Other TikTok stars in the Hype House are Dylan Waggoner (@dylanw19), Taylor Harrison (@tater_tot2000), Andrew Ewing (@redassaggie), Daisy Day Woods (@daisydaywoods) and Ben Hurlburt (@benhurlburt). The group remains open to student auditions.
Grucella, who goes by username @howdy.sierra, has hundreds of thousands of views on her “A&M-focused and wholesome” account, which she started in December 2019.
“The first word that comes to my mind to describe my account is ‘redass,’” Grucella said. “I want my content to be a good representative of A&M. And once people started noticing me, I’ve been careful to make my appearance and the university’s appearance better.”
While Grucella could cite her growing number of followers as her career highlight, she said she finds meaning in smaller-scale instances in which she communicates how valuable her school is.
“My biggest moments of accomplishment so far are always when I get messages from high school seniors that want to go to A&M, maybe they’re waiting for admission, saying that I’ve made them feel closer to the university,” Grucella said. “This just makes me smile. I want to make other people happy to go to attend a university that offers what we have to offer.”

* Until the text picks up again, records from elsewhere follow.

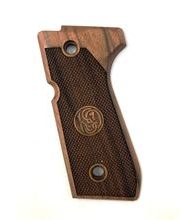 Střenky KSD Beretta 92 ořech s logem 2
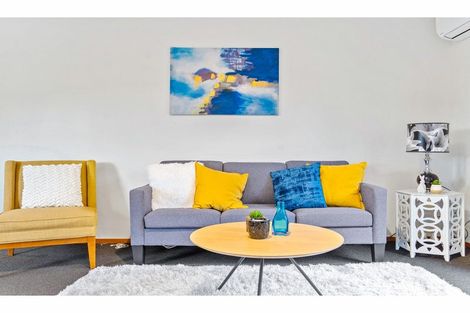 Photo of property in 2/58 Hillcrest Avenue, Hillcrest, Auckland, 0627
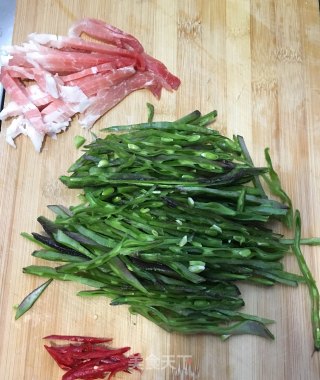 肉丝炒梅豆的做法步骤：3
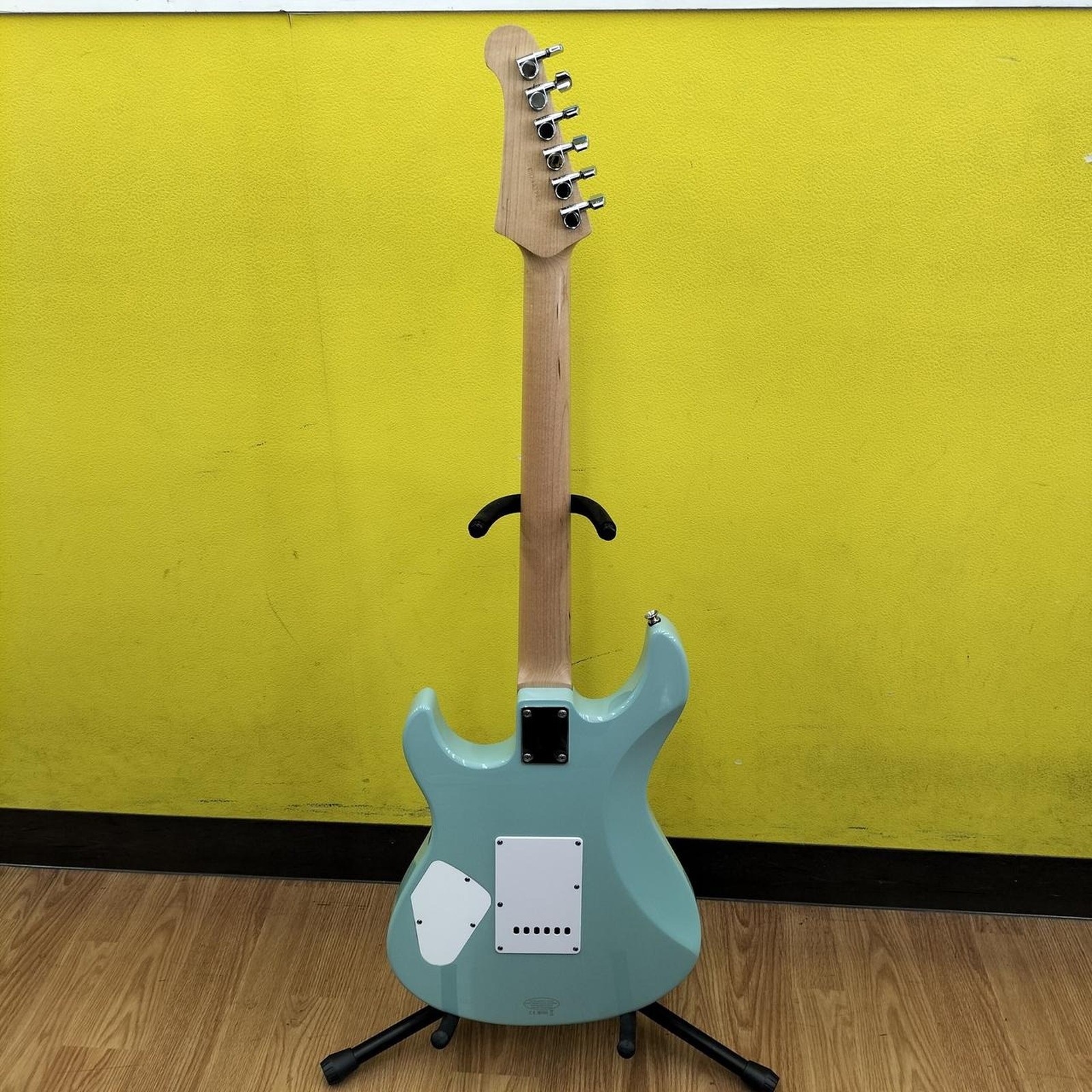 YAMAHA PAC112V Used Alder body Maple neck Rosewood fingerboard Sonic Blue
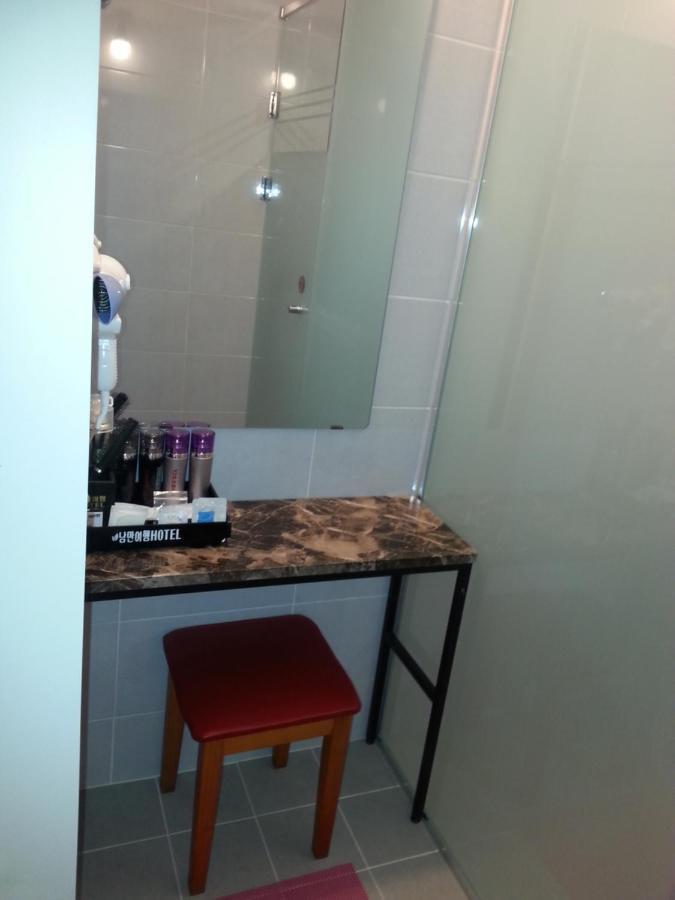 Stay Romantictrip_Hostel Gyeongju Buitenkant foto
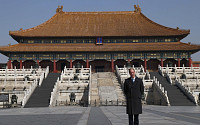 [포토] 중국 간 영국 윌리엄 왕자 '제 모습 어때요?'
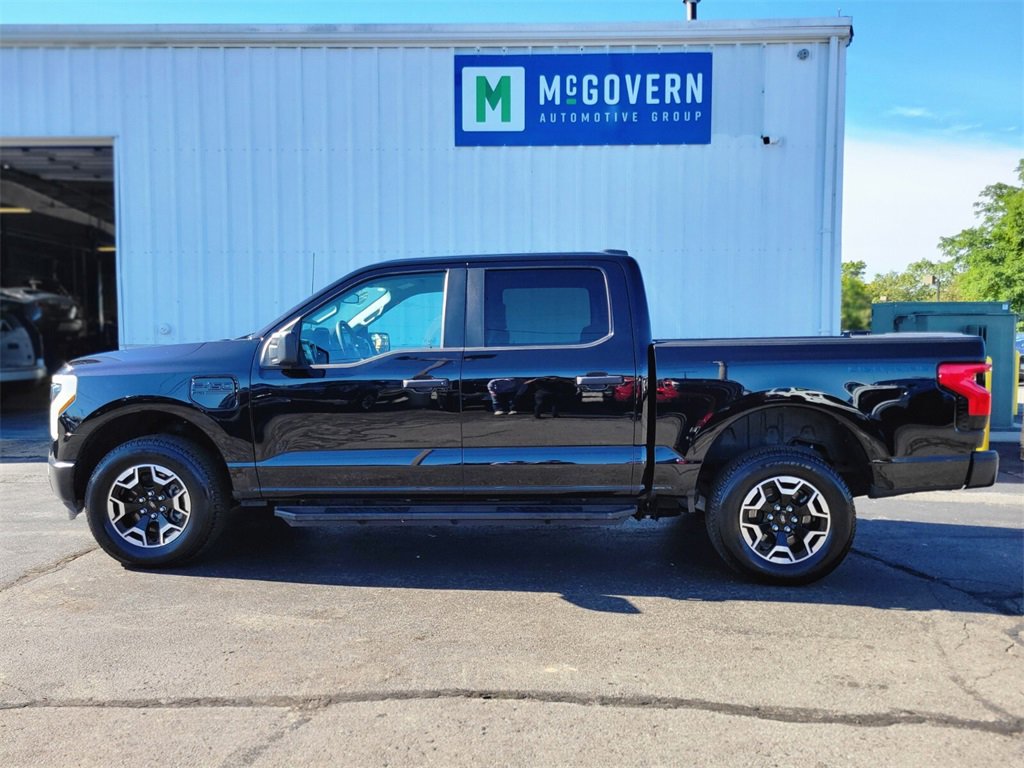 2023 Ford F-150 Lightning photo 2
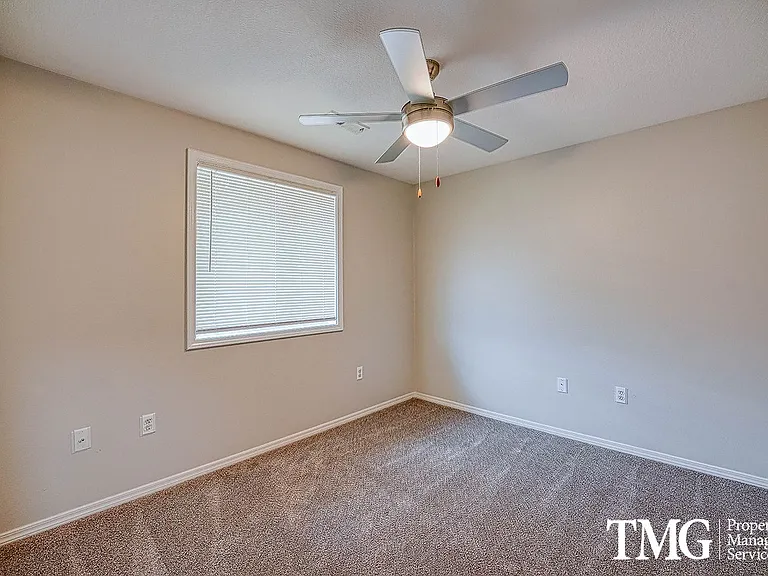 17015 NE 31st Way — Photo 14
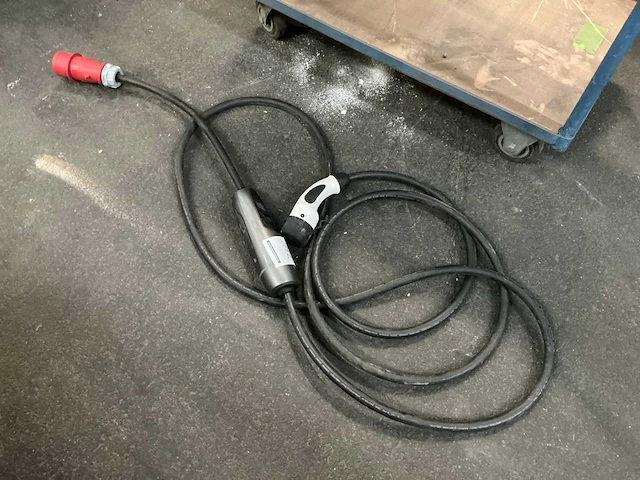 Khons 3p 32a laadkabel - afbeelding 1 van  5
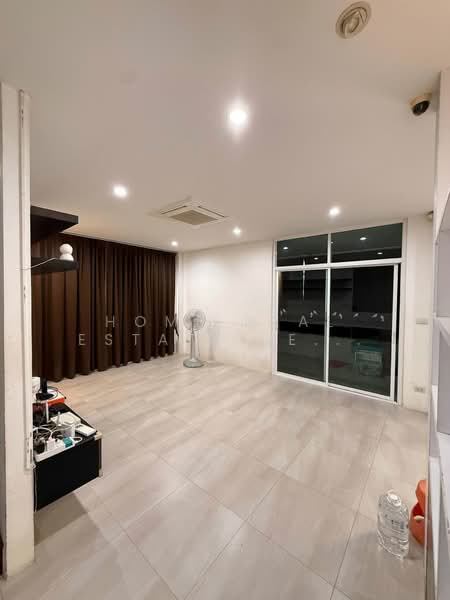 บ้านเดี่ยว 3 ชั้น พระราม 9 ซอย 62, Bangkok, Suan Luang, Bangkok, 4 Bedrooms, 400 sqm, Single Detached House For Sale, by HOME Real Estate Service, 500363383 - DDproperty.com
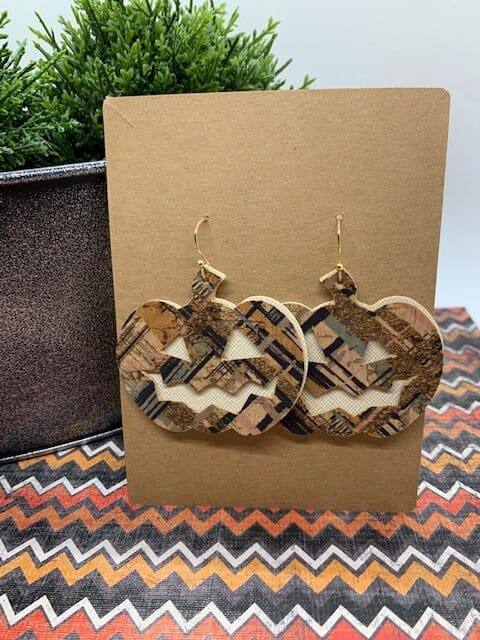 pumpkin earrings diy, making Halloween faux leather earrings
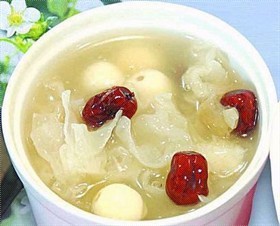 银耳莲子羹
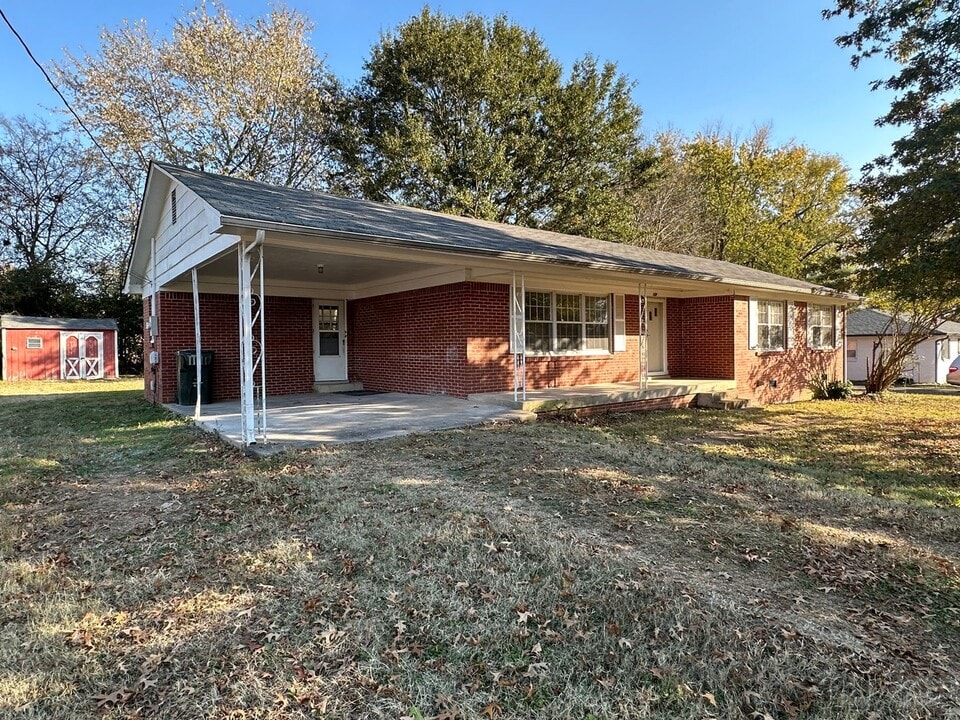 139 Gwen Ave in Gallatin, TN - Foto de edificio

Portraying her admiration of the university through her content, Grucella uses her platform for two main Aggie core values: selfless service, in her eventual charity fundraising goal for the TAMU Hype House, and loyalty, in her frequent usage of the Aggie subcultural lingo.
Sport management freshman Ben Hurlburt, who has 12.6 million likes and 470,000 followers on his TikTok account, is no stranger to the negative side effects of newfound Internet notoriety.
“It can be really creepy to have unrelenting or possessive superfans,” Hurlburt said. “Some girl got my phone number; people know where I am and it can get uncomfortable. I try to keep a low profile.”
TikTok fame, just like traditional celebdom, is built on the foundational commitment of fans, but the widespread glory comes with logistical troubles. Hulburt said on one instance he was stopped five times during his walk to Blocker, which caused him to be tardy for his class.
“The only challenges are the demanding DMs, but overall, TikTok has opened doorways to different and exciting opportunities,” Hurlburt said. “My goal is just to keep growing the account. I go through swings where I’m on fire, consistently creating great videos. I’ve been posting every single day for five months.”
In a UCLA study concerning the impact of likes on the teenage brain, researchers concluded the online influence of peers neurologically alters the decision-making cortex of the mind. While Hurlburt understands the pressure to change his content, he tries to stay true to himself.
“My videos are goofy and clean so that I can be open about who I am online to the greatest number of people,” Hurlburt said. “Though there is a pressure to conform to what my viewers want, I’ve not really had a single type of video or ‘brand.’ I’m just always thinking about allowing my faith and personality to come through.”